= Beginning of Section =

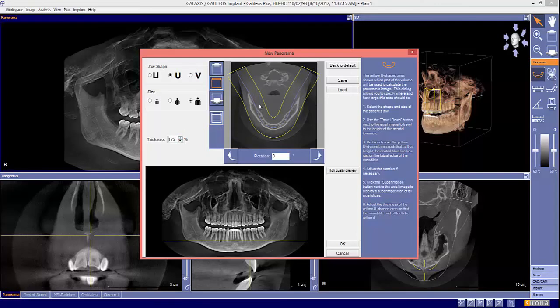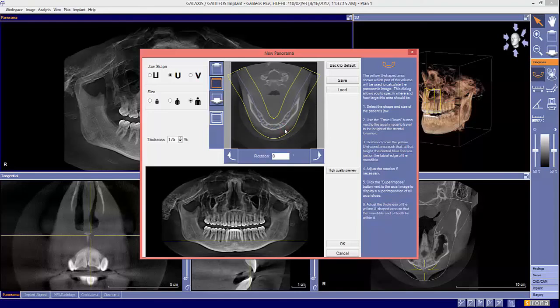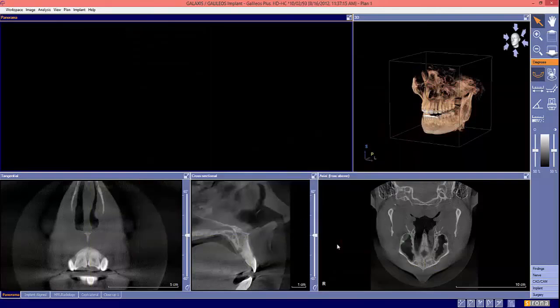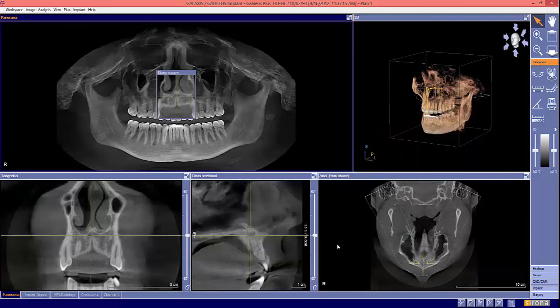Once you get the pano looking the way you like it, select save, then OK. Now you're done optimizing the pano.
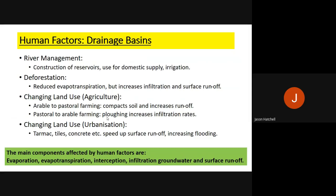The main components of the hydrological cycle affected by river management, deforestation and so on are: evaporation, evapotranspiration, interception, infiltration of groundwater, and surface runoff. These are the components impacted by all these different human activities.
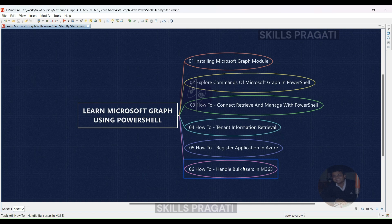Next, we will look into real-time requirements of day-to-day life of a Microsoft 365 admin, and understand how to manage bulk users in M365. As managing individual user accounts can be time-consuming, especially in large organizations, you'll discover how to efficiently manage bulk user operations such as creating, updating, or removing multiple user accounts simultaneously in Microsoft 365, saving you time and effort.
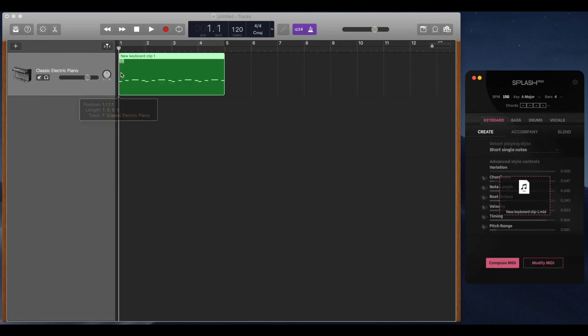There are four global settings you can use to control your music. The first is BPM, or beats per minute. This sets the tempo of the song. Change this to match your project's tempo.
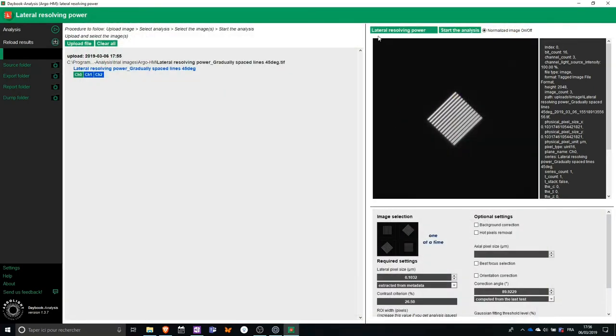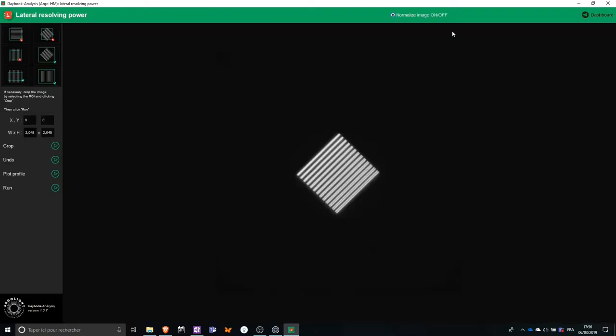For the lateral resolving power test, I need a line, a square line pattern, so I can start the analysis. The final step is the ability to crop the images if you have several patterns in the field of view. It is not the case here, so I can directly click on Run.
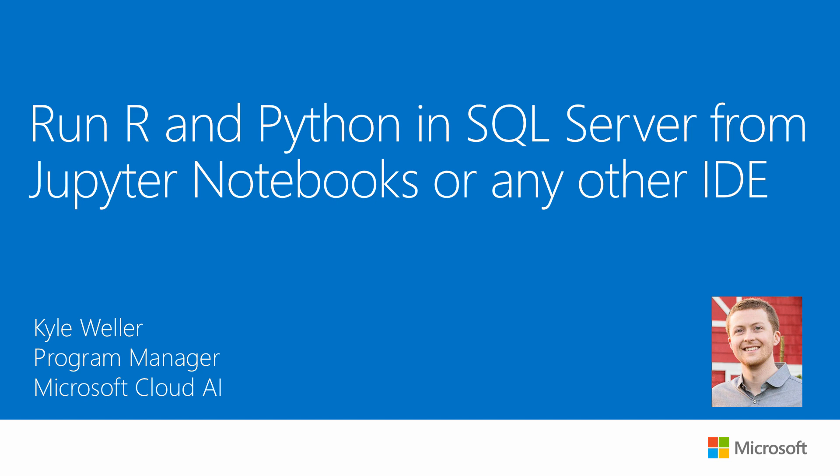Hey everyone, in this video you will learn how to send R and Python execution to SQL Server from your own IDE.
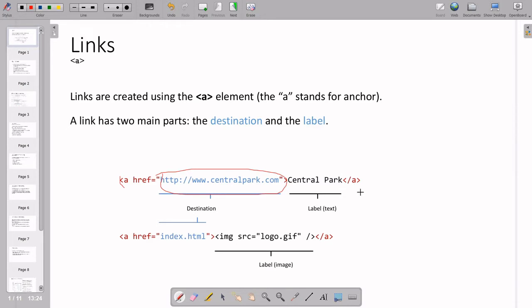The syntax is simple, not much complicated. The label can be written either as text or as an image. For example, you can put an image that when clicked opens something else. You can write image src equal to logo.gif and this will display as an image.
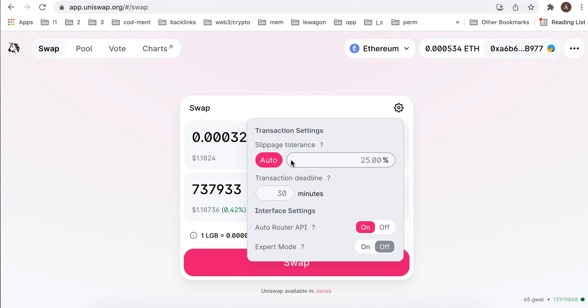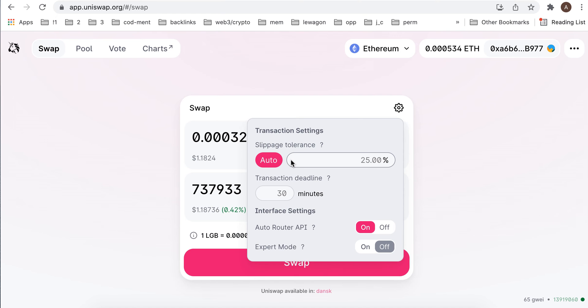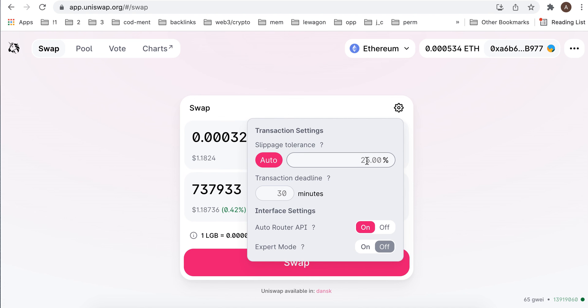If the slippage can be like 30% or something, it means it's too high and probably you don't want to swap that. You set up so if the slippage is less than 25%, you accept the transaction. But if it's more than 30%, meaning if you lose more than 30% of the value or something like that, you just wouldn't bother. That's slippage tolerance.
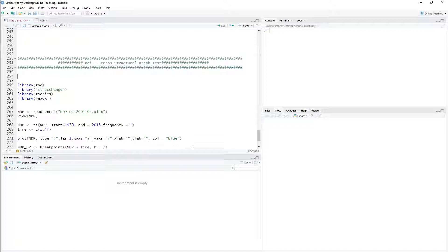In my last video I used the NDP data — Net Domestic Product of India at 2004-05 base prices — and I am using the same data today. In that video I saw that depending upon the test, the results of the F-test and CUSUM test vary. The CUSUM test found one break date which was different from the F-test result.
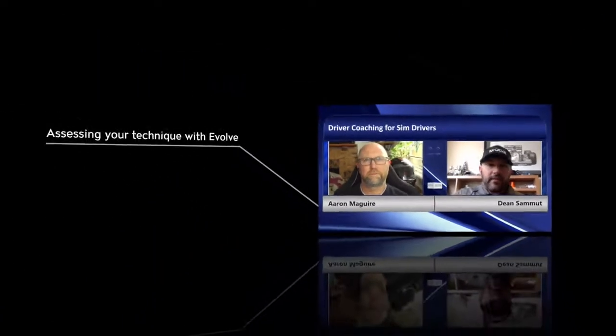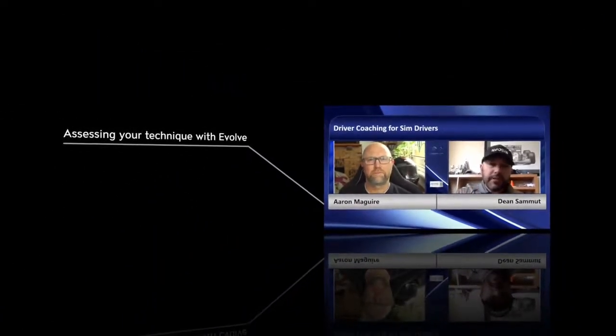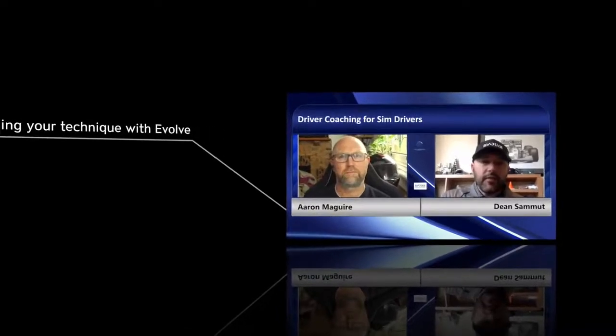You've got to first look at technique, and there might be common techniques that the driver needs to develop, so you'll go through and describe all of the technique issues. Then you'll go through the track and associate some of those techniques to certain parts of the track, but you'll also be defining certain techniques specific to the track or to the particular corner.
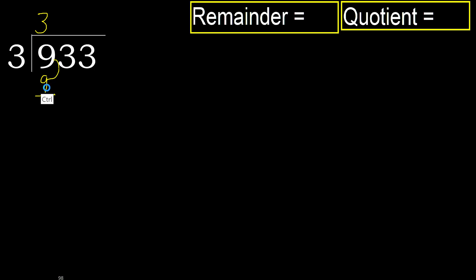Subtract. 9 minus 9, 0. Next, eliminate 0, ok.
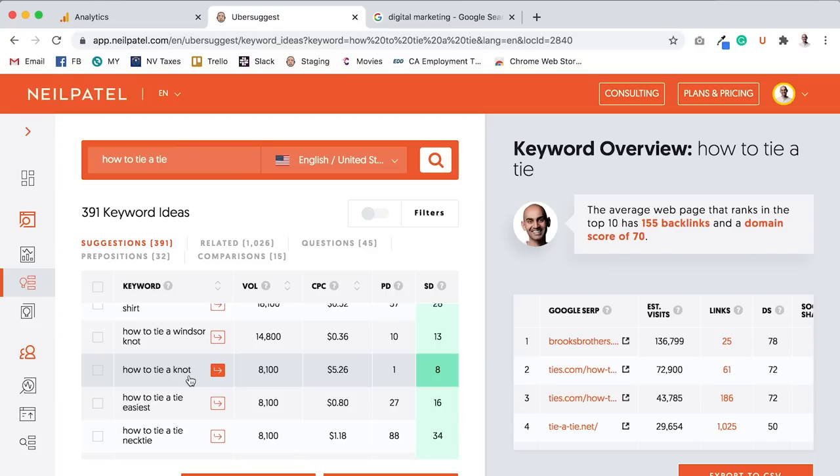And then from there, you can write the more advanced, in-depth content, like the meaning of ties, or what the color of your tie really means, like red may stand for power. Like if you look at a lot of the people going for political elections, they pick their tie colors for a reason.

= End of Section =

Pictures excluded, copy the lines exactly from where the material starts to the line with "The main components", inclusive.

Once you get the pano looking the way you like it, select save, then OK. Now you're done optimizing the pano.
The main components of the hydrological cycle affected by river management, deforestation and so on are: evaporation, evapotranspiration, interception, infiltration of groundwater, and surface runoff. These are the components impacted by all these different human activities.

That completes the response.